Conda, Python and R

Python and R learning resources

While we anticipate that most participants will have some experience with Python and/or R programming, we understand that everyone joining OceanHackWeek is coming from a different background and skill level in programming. Below are links to a few resources to refresh your skills in Python and R, as well as a tutorial video from a previous OHW event that covers a handful of Python packages. The material covered in these lessons is a good reflection of the level we expect participants to be at and should get you up-to-date on the basic programming skills needed for the workshop.

Conda and installing Python and R environments

Overview

The Hub is pre-configured with a customized "environment" of Python and R packages designed to run all the tutorial notebooks, and supporting a broad range of oceanographic applications. This environment is created and managed using the open-source Conda package and environment management system for installing multiple versions of software packages together with their dependencies, and convenient switching between environments.

What is Conda?

Conda is an open source package and environment management system for any programming languages, but very popular among the Python community,

Conda runs on Windows, macOS, and Linux: "Conda quickly installs, runs, and updates packages and their dependencies. Conda easily creates, saves, loads, and switches between environments on your local computer. It was created for Python programs but it can package and distribute software for any language."

For Python, the advantage of conda compared to pip is that it has a built in environment management system as well as the management of binaries, and non-Python dependencies.

Conda on the JupyterHub

The JupyterHub has both a pre-configured base environment, and environments that you create and manage yourself.

JupyterHub base environment

The Conda environment for the base JupyterHub environment is defined in oceanhackweek/jupyter-image. This image contains hopefully everything you will need for the tutorials and for general exploration.

The environment.yml captures the current state of the OceanHackWeek environment. You can explore this file to see what packages we have selected to come in the base environment.

# environment.yml
name: OHW
channels:
  - conda-forge
dependencies:
  - python=3.9
  - pangeo-notebook=2021.07.24
  - argopy
  - bokeh
  - bottleneck
  - cartopy
  - cdsapi
  - cf-units
  - cf_xarray
  - cmip6_preprocessing
  - cmocean
  - colorcet
  - compilers
  - compliance-checker
  - conda-lock
#   ... oh so many more packages that we are not going to include them all here

It also contains a lot of supporting infrastructure for running each individual's JupyterLab server (for instance compilers and conda-lock in just that small subset), so we suggest building up an environment from scratch, rather than by trimming down the base environment.

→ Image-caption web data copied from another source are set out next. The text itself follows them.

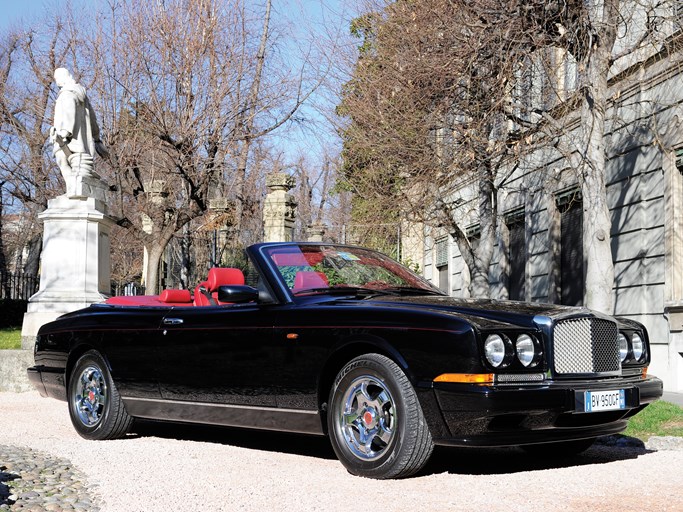 1996 Bentley Azure Turbo Convertible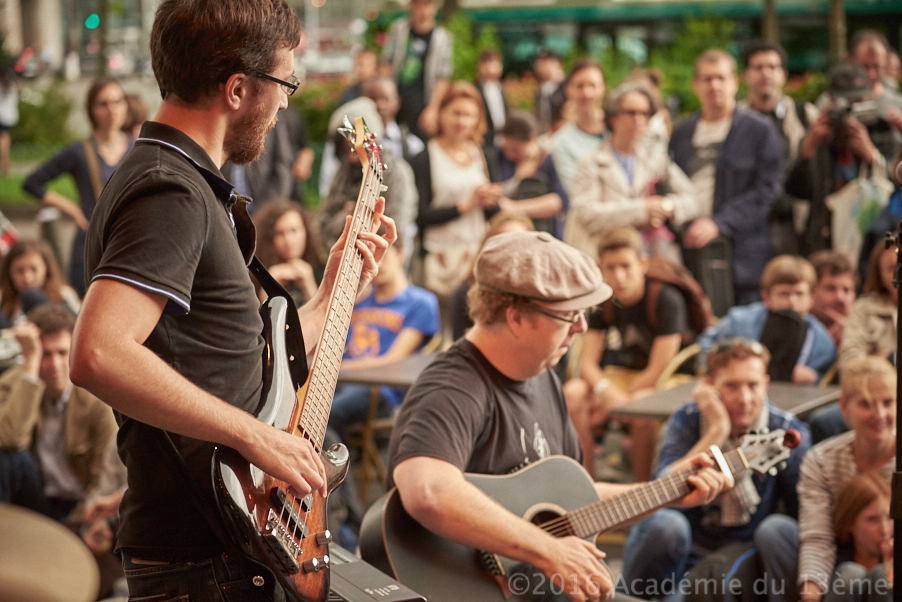 Fête de la Musique 2016 - L'Académie du 13ème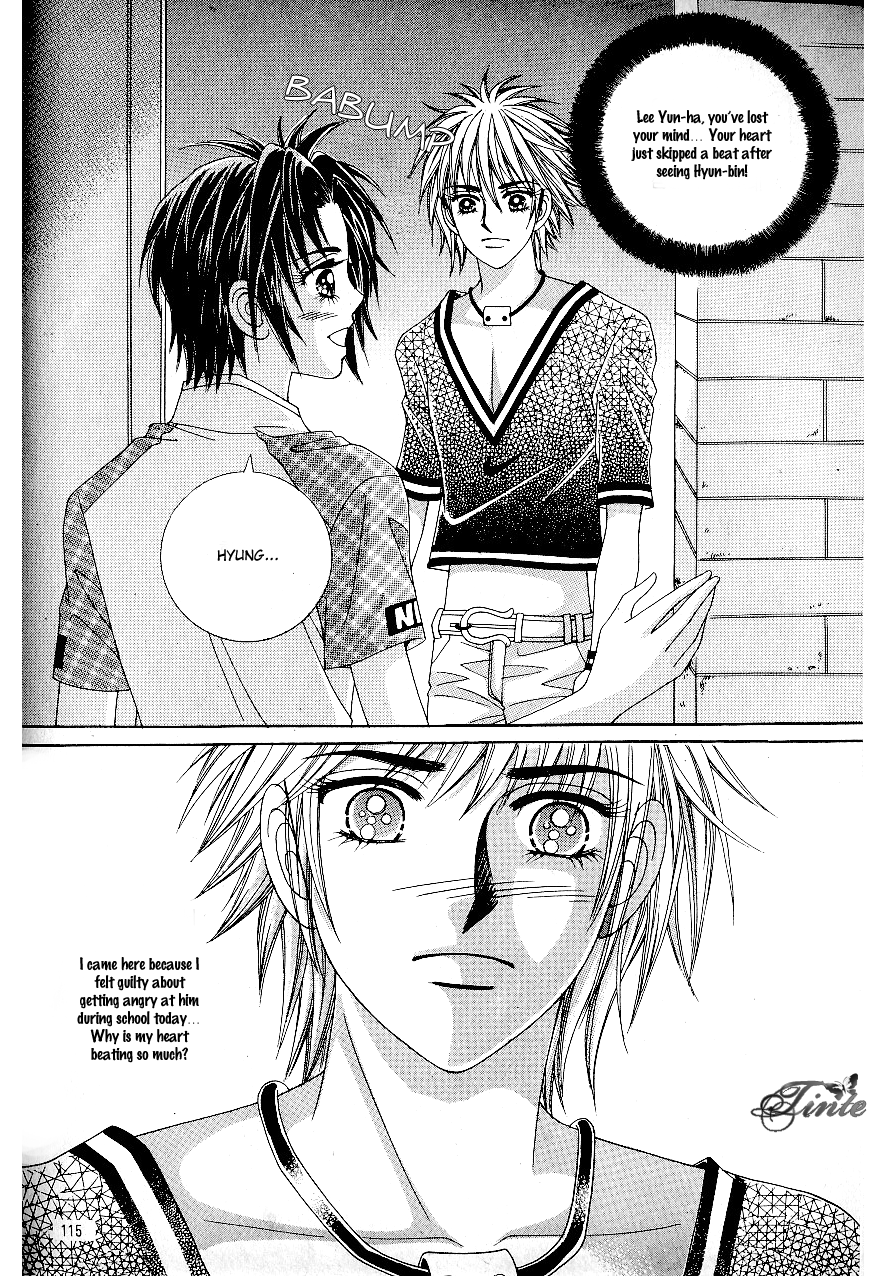 Love in the Mask Chapter 49 page 34 - Chapter 49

The exact state of the Conda environment is captured in conda-linux-64.lock, which will also include lots of packages that we didn't explicitly select, but are needed dependencies of those we did.

There are also a handful of dependencies that are installed directly in the Docker image, like RStudio, and the Bigelow Labs R libraries (ohwobpg and rasf).

Temporary packages

You can temporarily add packages to your hub, via Jupyter cell magic, %pip install <list-of-packages> or %conda install <list-of-packages>. In R you can use install.packages("package-name") as usual.

Warning

For those who know their way around Jupyter, you may be tempted to !pip install <list-of-packages>. This can leave your environment in an inconsistent state, which may prevent your server from starting (and will require some heavy duty assistance from @help-infrastructure to debug). More information is available here.

Create your own environment on JupyterHub

To create your own Conda environment on JupyterHub, you can launch the terminal and run conda create commands as expected. Be sure to specify -n <environment-name>. For a Python environment:

conda create -n cool-project -c conda-forge python=3.9 xarray ipykernel

Once you've created an environment, you can run conda activate cool-project as usual for access to the environment in the terminal. Additionally the environment will become available as a notebook environment if you install ipykernel for Python or irkernel for R.

Info

It may take a minute or two for JupyterLab to show your new Conda environment. The package that detects additional environments doesn't run constantly, so give it a second before worrying that you created an environment wrong.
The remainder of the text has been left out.